Tradition, Theory, Practice. Mission Statement of the Folk Music Department at Liszt Ferenc Academy of Music, Budapest. (Accepted)

Type of Abstract (select):

Abstract (max. 250 words):
By the early 1970s, mainstream Hungarian ethnomusicology possessed an immense ocean of archive field recordings, a worldwide-unique, extensive method of tune-typology, and a pertinent classification system. It also had more than seventy years of expertise in both musicological and cultural-anthropological tune-analysis, efficient fieldwork, and research on complex and abstract phenomena of traditional music within the Carpathian Basin and beyond. This environment provided fertile soil for the sprouting Hungarian revival movement, the táncházmozgalom, whose past 49 years show great success in efficiently grafting traditional music and dance into the urban environment. Now Hungarian ethnomusicology wasn’t only a theoretical think tank--folk music theorists, táncház musicians, and choreographers worked side-by-side exploring still-undiscovered issues of the Hungarian tradition, our ethnic neighbors, and minorities. This atmosphere fostered research of functional aspects in musical and dance folklore and in the Carpathian Basin’s complex inter-ethnic relations, as well as contributing to development in practice-based examination of instrumental music. From the mid-’90s onwards, folk music as a label gradually became an integral part of the Hungarian music industry, and more and more musical projects chose to drift away from pure authenticity in order to discover new paths in traditional-rooted crossover. With the terminal dissolving of the once-firm system of traditional rural societies and as the last old informants pass away, younger folk musicians and scholars, beginning with the generation of the author, must lean on archive field recordings to acquire their skills. This presentation centers on archival, analytical, and practice-based approaches developed within the Liszt Ferenc Academy for the essential preparation of musicians for the range of folk-music applications from revival through the wide variety of cross-over genres that have and will evolve.

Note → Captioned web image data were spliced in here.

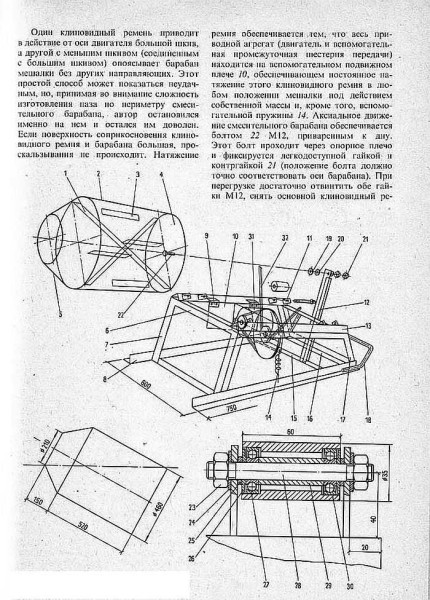 Disegno della betoniera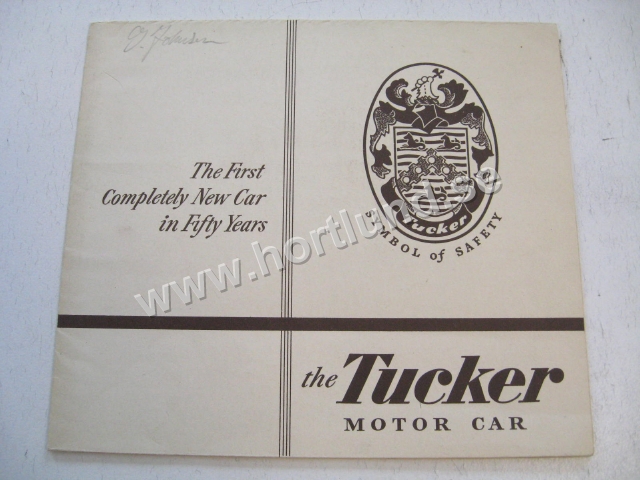 1948 Tucker Försäljningsbroschyr i mycket bra skick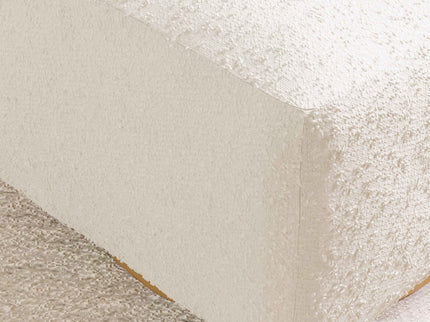 M26385WBG,Babyletto,Kiwi Gliding Ottoman in Ivory Boucle w/ Gold Base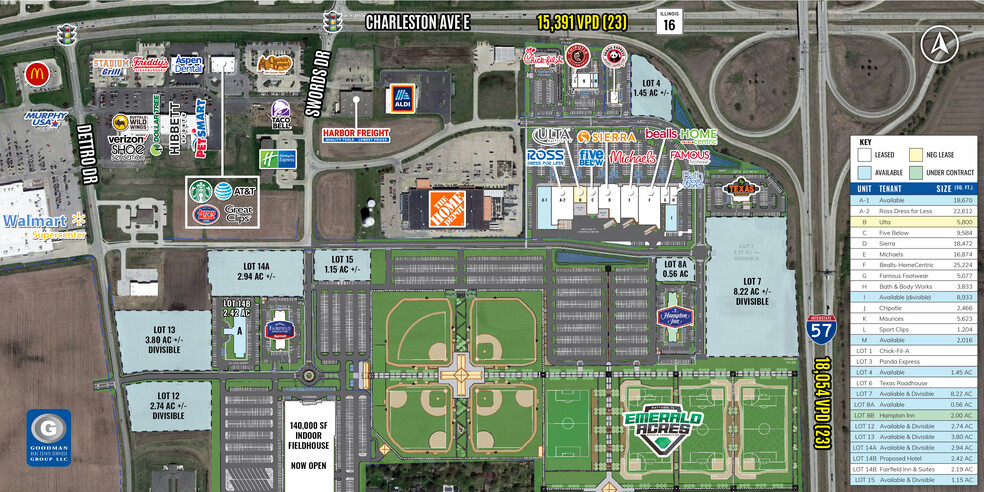 I-57 & Charleston Ave E, Mattoon, IL à louer - Plan de site – Image 1 sur 5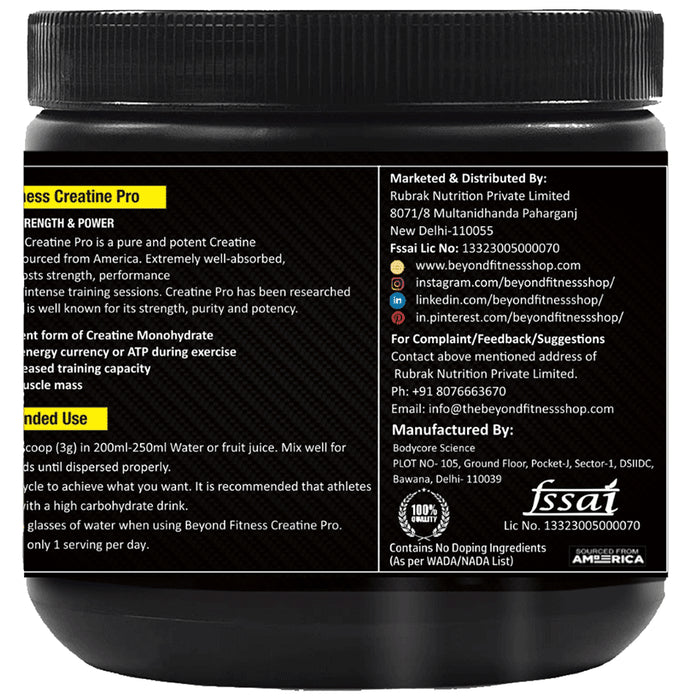 Beyond Fitness Creatine Pro (156gm Each)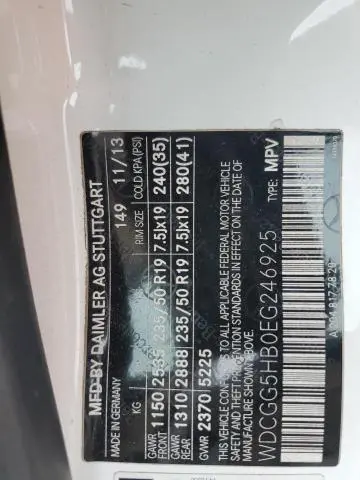 2014 MERCEDES-BENZ GLK 350  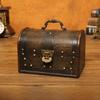 Classic Wooden Storage Chest For Home Office And Decorative Use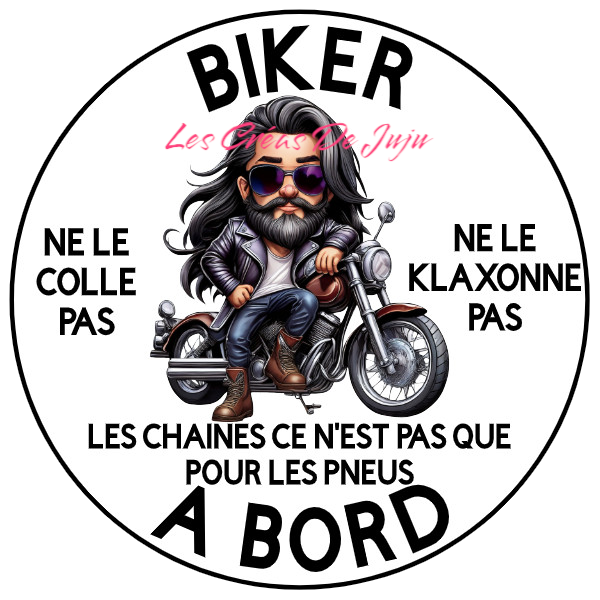 Stickers biker à bord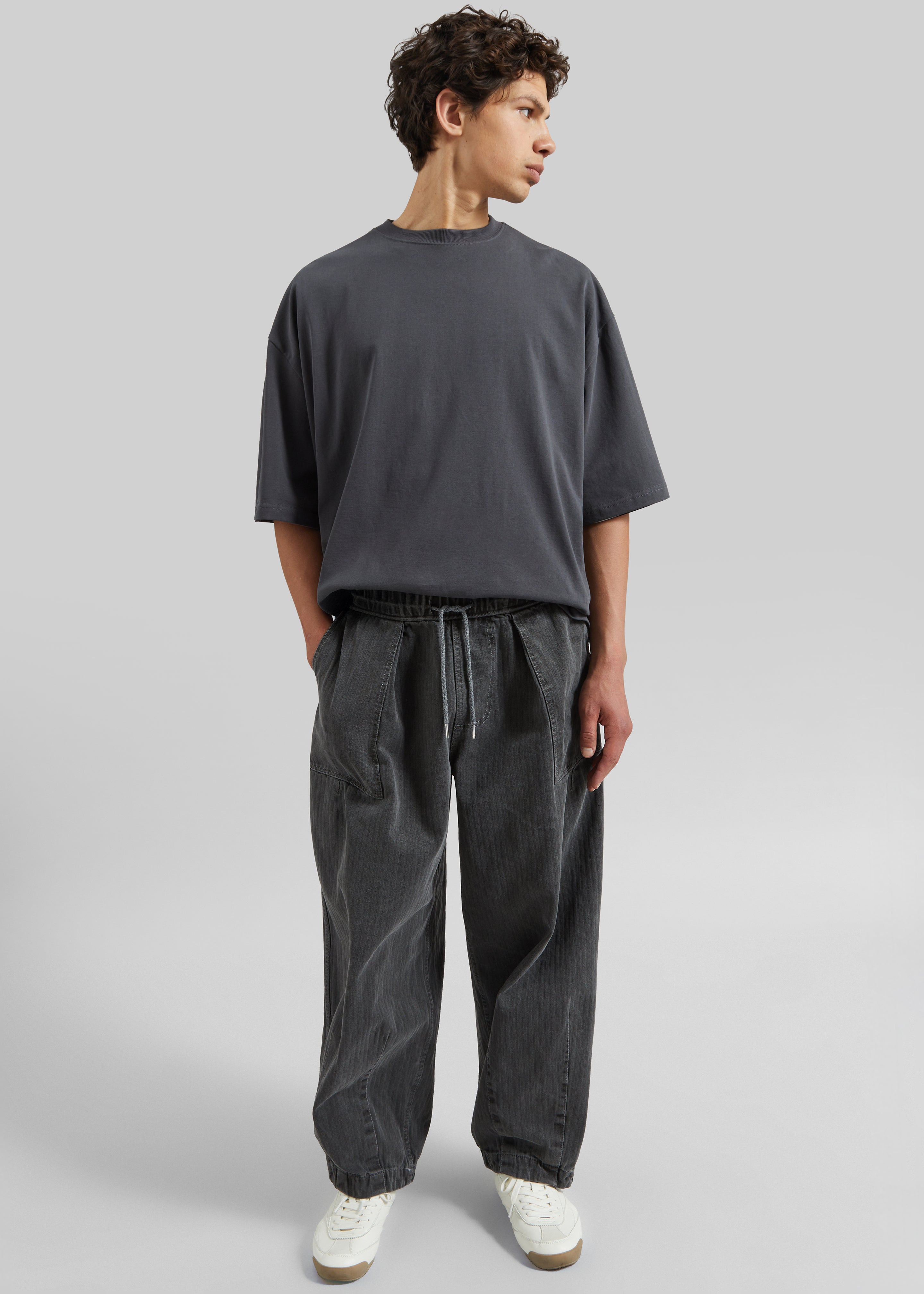 Harris Oversized T-Shirt - Slate Grey - 5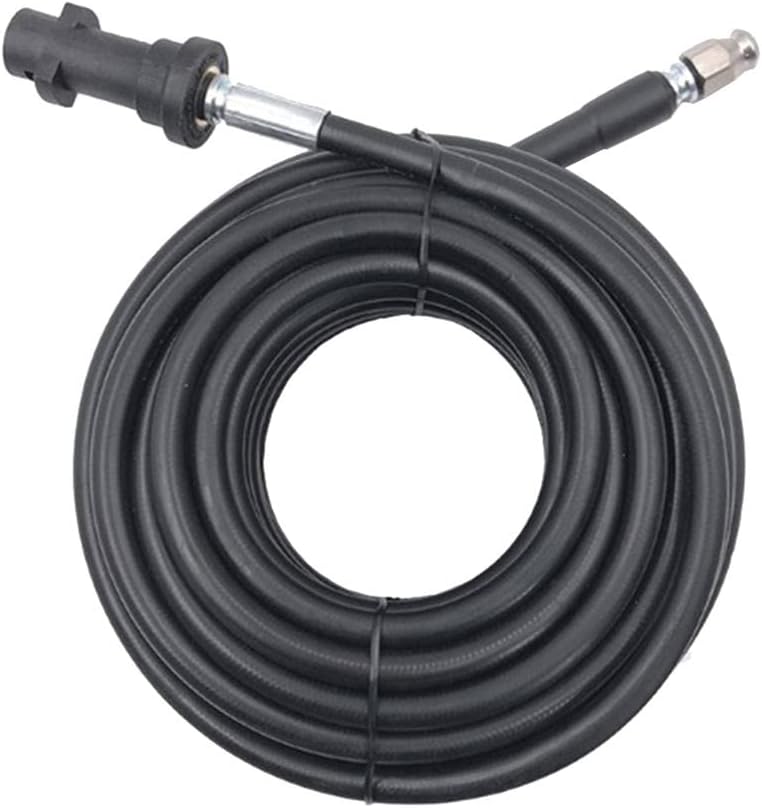 klarako Pipe Cleaning Pipe Pipe Cleaner Drain Cleaner Hose, Suitable for Karcher K2 K4 K5 K6 K7 Pressure Washer, 6/10/15 / 20m Optional Black, 6 Meter - Image 2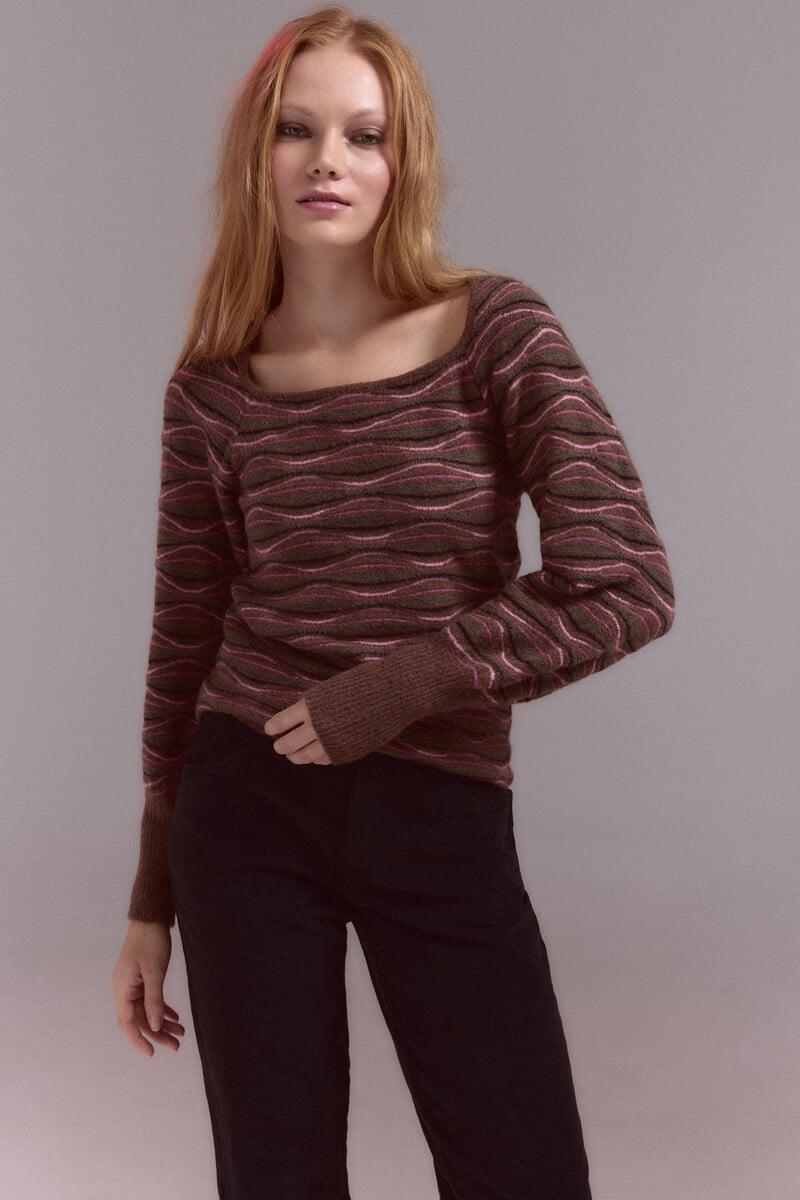 pedro del hierro Jersey estructura ondas Rebajas top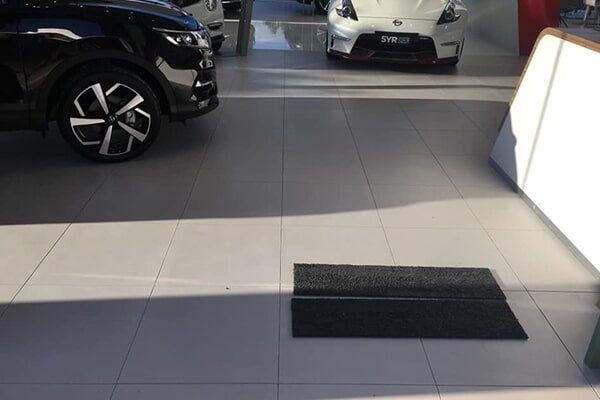 Car Show Flooring — Wall And Floor Tiling in Central Coast, NSW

Brief Professional Bio (max. 100 words):
Folk Musician and ethnomusicologist Dr. Soma Salamon is one of the most prominent members in the younger generations of the Hungarian folklore revival movement (Táncházmozgalom). Besides his active performing career spanning multiple decades and continents, he is the folk music program editor and consultant of the recently-launched House of Music in Budapest. Posts include research fellow in the Institute of Musicology and lecturer for instrumental and theoretical classes at the Liszt Academy of Music. He is a frequently-invited presenter at Massachussetts College of Art and Design. His main fields of research are ethnic flutes in the Carpathian Basin, methodology/comparative analysis in Hungarian ethnomusicology, international relations of Hungarian ethnomusicology and folklore studies, typology of Hungarian folk melodies, Bartók‘s Transylvanian field recordings, historical and multicultural relations of stylistic strata in Hungarian folk music, Western reception of Hungarian folk music research, margins between folk music and world music.